Read Writers of the Future, Volume 30 Page 26


  “All from your master?” she asked.

  “There was a man whose children were taken by the hollow people. He commissioned my fourth mark.”

  “Did you take away his grief?”

  “I slaked his anger, allowing him to grieve.”

  “And how many patients have you treated who did not commission a mark for you?” she asked.

  My ears burned a bit with that question. I’d started my apprenticeship at an age when most finished theirs. She assumed I was unmarked because I was incompetent, not because I was inexperienced. “He’s the only patient I’ve treated, so far.”

  “Your master does not give you patients?”

  “You are my tenth consultation. Most people I visit don’t require my services.”

  “That stops you from providing them?” she asked, surprise plain on her features. “Interesting.”

  My impertinence balanced by hers, I repeated my question. “Why wake Dhalig Mora?”

  “Do you think I can make you understand by explaining?” she asked.

  “Perhaps,” I said.

  “Then tell me: what are the ingredients for despair?”

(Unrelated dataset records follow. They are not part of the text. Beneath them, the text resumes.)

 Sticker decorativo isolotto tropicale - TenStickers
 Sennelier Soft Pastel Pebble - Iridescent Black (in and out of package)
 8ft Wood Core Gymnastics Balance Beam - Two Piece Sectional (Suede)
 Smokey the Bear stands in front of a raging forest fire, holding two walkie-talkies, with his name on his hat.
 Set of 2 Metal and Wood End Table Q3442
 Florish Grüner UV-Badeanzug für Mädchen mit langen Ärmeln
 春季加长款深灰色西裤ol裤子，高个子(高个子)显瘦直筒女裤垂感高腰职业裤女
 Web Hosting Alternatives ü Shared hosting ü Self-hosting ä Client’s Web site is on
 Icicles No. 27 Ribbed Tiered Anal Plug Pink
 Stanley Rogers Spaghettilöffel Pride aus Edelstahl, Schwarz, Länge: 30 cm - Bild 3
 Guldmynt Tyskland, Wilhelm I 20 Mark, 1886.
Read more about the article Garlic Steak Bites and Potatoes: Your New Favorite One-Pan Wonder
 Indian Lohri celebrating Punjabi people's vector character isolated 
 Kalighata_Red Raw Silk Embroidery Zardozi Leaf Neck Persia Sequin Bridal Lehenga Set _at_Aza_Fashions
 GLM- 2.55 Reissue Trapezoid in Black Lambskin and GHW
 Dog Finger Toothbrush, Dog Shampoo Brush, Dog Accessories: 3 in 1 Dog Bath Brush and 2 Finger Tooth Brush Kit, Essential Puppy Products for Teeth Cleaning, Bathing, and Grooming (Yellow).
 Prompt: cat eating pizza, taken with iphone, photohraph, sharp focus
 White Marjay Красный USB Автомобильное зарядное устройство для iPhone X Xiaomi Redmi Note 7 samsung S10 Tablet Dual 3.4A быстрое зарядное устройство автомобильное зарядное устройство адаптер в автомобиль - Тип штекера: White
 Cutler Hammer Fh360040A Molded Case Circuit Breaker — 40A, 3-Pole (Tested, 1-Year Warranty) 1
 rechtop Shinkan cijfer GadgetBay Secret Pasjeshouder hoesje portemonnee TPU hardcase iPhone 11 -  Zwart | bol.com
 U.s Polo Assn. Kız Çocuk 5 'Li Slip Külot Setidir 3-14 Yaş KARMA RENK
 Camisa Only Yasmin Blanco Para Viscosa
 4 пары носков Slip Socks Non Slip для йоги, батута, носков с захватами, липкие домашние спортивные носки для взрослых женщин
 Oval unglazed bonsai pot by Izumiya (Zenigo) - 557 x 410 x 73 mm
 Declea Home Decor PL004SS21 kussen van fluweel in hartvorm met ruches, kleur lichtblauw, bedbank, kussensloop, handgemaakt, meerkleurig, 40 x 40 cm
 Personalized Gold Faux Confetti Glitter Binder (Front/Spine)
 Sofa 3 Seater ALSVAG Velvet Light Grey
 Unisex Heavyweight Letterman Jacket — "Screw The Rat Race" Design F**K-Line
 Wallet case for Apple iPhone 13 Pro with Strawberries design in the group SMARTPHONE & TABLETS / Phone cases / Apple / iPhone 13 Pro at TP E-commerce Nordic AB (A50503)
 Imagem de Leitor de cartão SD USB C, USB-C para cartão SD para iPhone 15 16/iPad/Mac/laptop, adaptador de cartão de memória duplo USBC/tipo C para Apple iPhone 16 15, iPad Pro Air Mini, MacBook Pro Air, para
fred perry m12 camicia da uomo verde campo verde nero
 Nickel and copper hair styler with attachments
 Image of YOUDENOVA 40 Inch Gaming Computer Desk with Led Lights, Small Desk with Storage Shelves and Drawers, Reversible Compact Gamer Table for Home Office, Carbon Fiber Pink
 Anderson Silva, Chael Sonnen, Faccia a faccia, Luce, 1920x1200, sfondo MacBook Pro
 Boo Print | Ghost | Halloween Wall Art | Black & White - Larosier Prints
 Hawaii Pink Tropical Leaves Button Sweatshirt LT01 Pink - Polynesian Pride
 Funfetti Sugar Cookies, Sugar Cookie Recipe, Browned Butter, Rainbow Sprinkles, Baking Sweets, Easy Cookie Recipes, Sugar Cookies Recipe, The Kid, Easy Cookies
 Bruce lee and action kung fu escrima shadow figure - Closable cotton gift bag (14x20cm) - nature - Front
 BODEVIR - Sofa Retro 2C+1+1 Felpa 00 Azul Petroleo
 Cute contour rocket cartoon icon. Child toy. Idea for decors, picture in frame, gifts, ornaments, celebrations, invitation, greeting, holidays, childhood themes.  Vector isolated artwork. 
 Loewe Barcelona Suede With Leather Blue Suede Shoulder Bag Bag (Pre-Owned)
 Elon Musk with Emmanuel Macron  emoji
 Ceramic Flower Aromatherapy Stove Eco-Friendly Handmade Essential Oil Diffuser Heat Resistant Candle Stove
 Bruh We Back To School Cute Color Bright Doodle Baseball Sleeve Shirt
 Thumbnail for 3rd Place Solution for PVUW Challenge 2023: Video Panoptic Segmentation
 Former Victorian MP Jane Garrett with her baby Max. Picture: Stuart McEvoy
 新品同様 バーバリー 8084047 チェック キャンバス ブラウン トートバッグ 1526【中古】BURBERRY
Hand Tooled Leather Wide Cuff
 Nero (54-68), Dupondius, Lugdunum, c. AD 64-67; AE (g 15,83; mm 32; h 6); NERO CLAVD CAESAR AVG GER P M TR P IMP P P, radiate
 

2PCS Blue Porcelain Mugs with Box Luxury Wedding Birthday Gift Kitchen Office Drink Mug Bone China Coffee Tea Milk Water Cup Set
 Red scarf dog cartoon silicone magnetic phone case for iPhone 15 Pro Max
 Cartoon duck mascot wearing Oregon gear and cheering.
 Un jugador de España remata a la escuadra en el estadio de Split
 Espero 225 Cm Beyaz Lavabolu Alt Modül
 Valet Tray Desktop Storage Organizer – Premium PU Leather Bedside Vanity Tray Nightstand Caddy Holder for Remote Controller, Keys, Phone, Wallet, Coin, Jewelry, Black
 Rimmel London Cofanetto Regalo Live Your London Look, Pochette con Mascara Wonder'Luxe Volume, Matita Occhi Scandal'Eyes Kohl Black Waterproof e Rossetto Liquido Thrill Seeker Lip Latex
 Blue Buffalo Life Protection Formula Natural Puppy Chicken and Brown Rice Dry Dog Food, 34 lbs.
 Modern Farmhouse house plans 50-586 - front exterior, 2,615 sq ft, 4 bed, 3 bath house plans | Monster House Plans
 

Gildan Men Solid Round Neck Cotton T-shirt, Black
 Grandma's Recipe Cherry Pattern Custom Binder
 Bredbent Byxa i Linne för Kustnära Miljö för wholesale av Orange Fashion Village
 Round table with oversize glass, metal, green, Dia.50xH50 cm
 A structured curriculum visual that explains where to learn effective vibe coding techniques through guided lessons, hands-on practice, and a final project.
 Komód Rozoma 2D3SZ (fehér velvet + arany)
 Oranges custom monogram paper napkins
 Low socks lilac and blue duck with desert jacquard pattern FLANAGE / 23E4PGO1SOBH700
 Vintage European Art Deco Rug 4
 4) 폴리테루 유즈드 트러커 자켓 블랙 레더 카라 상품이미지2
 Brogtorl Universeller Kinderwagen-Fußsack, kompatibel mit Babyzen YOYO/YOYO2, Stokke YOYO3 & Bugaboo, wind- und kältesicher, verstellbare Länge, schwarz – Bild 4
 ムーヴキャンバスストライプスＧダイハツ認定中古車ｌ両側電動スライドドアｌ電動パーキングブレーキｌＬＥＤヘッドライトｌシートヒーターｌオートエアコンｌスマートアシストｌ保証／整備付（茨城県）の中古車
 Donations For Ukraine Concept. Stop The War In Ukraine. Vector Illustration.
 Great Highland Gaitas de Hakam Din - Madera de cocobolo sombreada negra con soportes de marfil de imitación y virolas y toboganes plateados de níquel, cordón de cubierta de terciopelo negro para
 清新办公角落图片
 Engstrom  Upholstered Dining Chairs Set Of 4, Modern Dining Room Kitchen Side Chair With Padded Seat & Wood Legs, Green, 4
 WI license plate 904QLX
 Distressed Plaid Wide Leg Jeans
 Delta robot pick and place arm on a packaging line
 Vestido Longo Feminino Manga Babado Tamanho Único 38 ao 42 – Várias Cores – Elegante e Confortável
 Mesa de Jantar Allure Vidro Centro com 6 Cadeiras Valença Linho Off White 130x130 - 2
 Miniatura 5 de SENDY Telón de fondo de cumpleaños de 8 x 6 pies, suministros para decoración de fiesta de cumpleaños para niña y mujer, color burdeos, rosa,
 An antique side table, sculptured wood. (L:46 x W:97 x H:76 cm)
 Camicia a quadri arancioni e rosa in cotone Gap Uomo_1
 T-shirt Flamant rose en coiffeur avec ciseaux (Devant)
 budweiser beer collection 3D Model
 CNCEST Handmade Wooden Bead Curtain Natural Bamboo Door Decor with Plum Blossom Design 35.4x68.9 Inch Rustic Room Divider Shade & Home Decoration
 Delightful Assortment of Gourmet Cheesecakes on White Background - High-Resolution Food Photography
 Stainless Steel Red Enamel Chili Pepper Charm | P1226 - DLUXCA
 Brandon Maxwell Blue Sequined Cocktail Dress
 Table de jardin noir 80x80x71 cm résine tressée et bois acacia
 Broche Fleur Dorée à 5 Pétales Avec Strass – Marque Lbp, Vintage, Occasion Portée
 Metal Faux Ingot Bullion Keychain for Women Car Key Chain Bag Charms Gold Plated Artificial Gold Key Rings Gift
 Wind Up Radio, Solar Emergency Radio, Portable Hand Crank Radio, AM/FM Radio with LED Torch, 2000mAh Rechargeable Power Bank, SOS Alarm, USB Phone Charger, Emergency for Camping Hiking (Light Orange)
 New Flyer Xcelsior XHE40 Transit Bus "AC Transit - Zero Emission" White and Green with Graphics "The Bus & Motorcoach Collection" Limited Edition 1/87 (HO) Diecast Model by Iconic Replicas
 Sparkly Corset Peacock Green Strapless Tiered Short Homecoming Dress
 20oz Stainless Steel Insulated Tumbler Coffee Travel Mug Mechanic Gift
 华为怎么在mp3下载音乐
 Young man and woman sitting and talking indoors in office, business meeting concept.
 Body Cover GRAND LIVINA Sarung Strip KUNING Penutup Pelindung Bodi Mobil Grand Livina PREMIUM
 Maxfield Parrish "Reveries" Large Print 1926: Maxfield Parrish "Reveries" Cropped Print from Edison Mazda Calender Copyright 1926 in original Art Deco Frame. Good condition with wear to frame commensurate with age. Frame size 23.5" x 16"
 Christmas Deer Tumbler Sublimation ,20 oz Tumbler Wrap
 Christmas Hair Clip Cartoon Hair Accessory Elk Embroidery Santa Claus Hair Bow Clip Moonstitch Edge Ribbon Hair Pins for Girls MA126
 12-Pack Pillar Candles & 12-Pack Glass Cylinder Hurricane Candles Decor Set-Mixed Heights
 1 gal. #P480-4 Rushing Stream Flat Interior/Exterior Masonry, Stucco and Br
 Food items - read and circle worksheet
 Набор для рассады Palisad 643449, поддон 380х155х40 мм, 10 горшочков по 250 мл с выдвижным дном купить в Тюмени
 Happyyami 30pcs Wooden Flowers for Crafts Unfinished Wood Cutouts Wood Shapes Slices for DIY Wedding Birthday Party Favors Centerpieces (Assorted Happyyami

  The bedside patter about the three basic emotions is true, but it’s a truth we Sentimancers use to lie. You can, ultimately, break anything down to a combination of those three, but there’s an alchemy to it, a series of subcombinations, of stopping points. Fear and hunger mixed in the right portions give you anger. Suffuse it with a hint of pleasure and it becomes rage. Layer it with another combination of hunger and fear and the rage becomes wrath. That’s why a Sentimancer’s case is full of so many vials. It could take days to generate some of the complex emotions we want if we start from the base elements.

  I’d never been asked to explain that before, and continued my display of top-notch professional competence by fumbling as I tried to find a simple way to answer her question.

  “I thought so,” she said.

  “It’s very complex. Explaining it to a lay person …”

  “When you understand despair, understand it truly, I will answer your question. I promise you that.”

  I could have told her about Kjolla, shown her that I might not know how to induce despair, but I knew the flavor of it all too well. Kjolla. Dead in a raspberry patch. Smiling. My fault.

  I deflected instead. “I still have two years in my apprenticeship. What happens if you are executed before my master discloses the ingredients to me?”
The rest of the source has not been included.